BEGEGNUNG – SPUR – KARTE: Die Tibet-Sammlungen von Heinrich Harrer und Peter Aufschnaiter

Als Peter Aufschnaiter und Heinrich Harrer am 17. Mai 1944 das tibetische Hochland erreichten, waren sie weder die ersten noch die einzigen Besucher, die ihre Reise und ihren Aufenthalt dokumentierten.
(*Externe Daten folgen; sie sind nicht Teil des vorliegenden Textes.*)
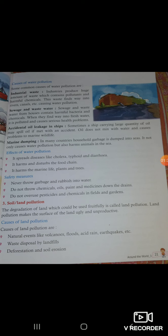Second: sewage and wastewater. Sewage and wastewater from houses contain harmful bacteria and chemicals. When they find their way into fresh water, it becomes polluted and causes serious health problems.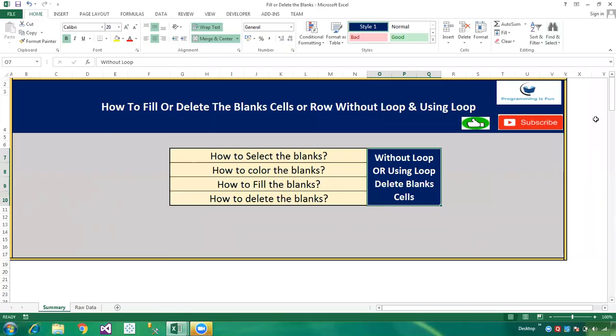Hi friends, welcome to Programming Is Swan. In this video tutorial we will learn the concept of how to fill or delete blank cells or rows without a loop, and how to delete blank cells using a loop. To understand this session thoroughly, please watch the entire video. In this session we have: how to select the blanks, how to color the blanks, how to fill the blanks, and how to delete the blanks.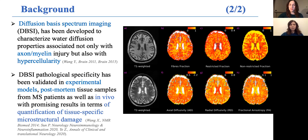Diffusion-based spectrum imaging, or DBSI, is an MR imaging technique that has been recently developed to characterize water diffusion properties associated not only with axon and myelin injury, but also hypercellularity. Its pathological specificity has been validated in experimental models, post-mortem tissue samples from MS patients, as well as in vivo healthy and pathological brain, with promising results in terms of quantification of microstructural damage.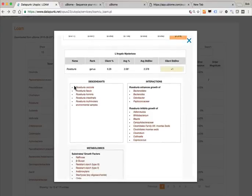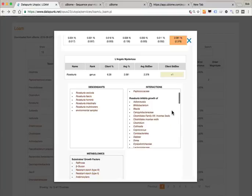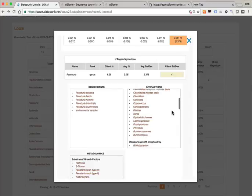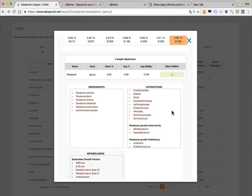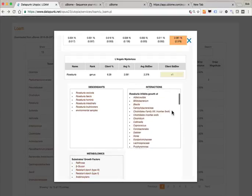Everything in the microbial world is hierarchical, so since we clicked on a genus we're getting all the descendants which are the species. We also get information on interaction webs. Studies have been done with linear matrix correlation data, and we understand that for many bacteria taxons we have inhibition and enhancement data. Roseburia tends to enhance the growth of certain species, but the presence of Roseburia in large amounts actually tends to inhibit other species. What Roseburia does is not necessarily the same as what's done to Roseburia.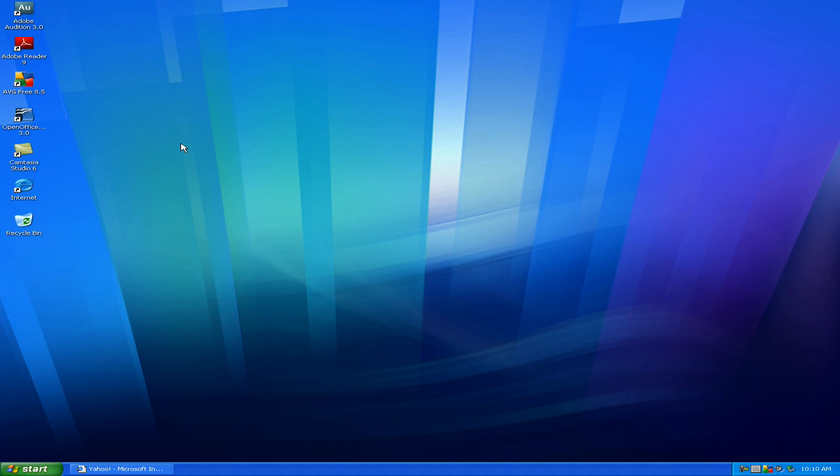Hey everybody and welcome to another video from the TextView. In this video I'm going to show you how to remove or delete a virus from your computer, just in case your computer is infected with a virus or just for future reference.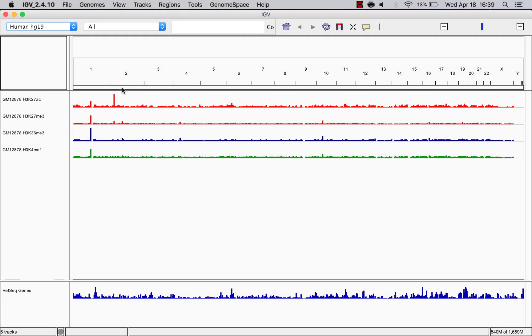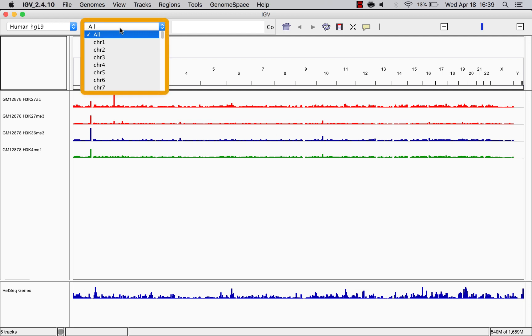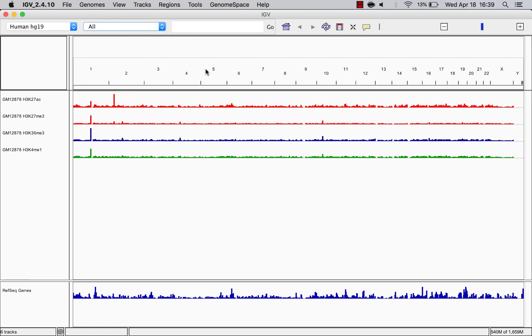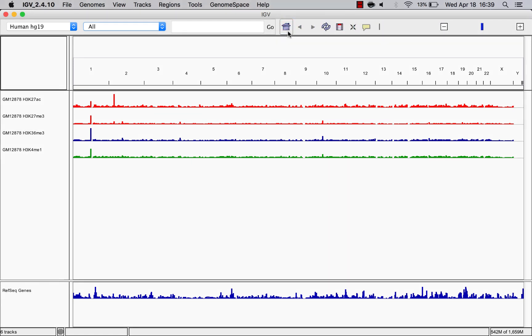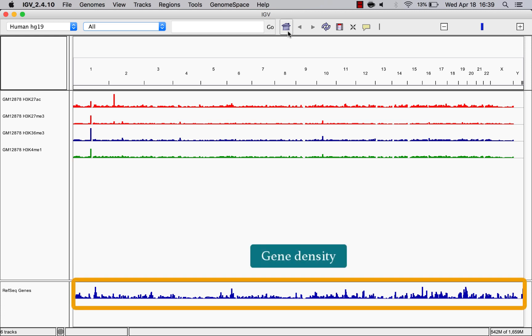To see your data on the whole genome level, select All from the chromosome dropdown or click the Home button. When we do this, notice that the sequence track shows a bar chart of gene density.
Und dennoch weisen die Nachlässe von Aufschnaiter und Harrer einige Besonderheiten auf. Beide bewegten sich zwar gleichzeitig, jedoch eigenständig und mit ihren je eigenen Agenden, Interessen und Vorstellungen. Ausgehend von den Objekten stellt die Ausstellung im Völkerkundemuseum der Universität Zürich Sammeln und Dokumentieren, Gesammeltes und Dokumentiertes einander gegenüber. Besonderheiten einzelner Gegenstände werden ebenso hervorgehoben wie Verbindungen zwischen ihnen und größere Zusammenhänge in Raum und Zeit: Schlagfeuerzeuge als Zeugnisse globaler Verflechtung, eine textile Steinschleuder als Ausdruck technischer Raffinesse, eine Kollektion Münzen als Spiegel kulturgeschichtlicher Zusammenhänge, Ritualgegenstände als Mittel der Kommunikation, sowie Skizzen, Karten, Aufzeichnungen und Fotografien als Belege ethnografischen Dokumentierens. Als eine Art offene Plattform lädt die Ausstellung zu Begegnungen ein, aber auch zum gemeinsamen Nachdenken über die Rolle und den ‚Wert’ von Sammlungen ethnologischer Museen und damit verbundener Aufgaben heute.
Diese Ausstellung ergänzt die Schau Begegnung – Spur – Karte. Die Expeditions-Sammlungen von Heinrich Harrer, die bis zum 16.6.2019 im Zürcher Völkerkundemuseum zu sehen ist.

Datum

Okt 28 2018 - Sep 08 2019

Uhrzeit

Den ganzen Tag

Ort

Völkerkundemuseum der Universität Zürich (CH)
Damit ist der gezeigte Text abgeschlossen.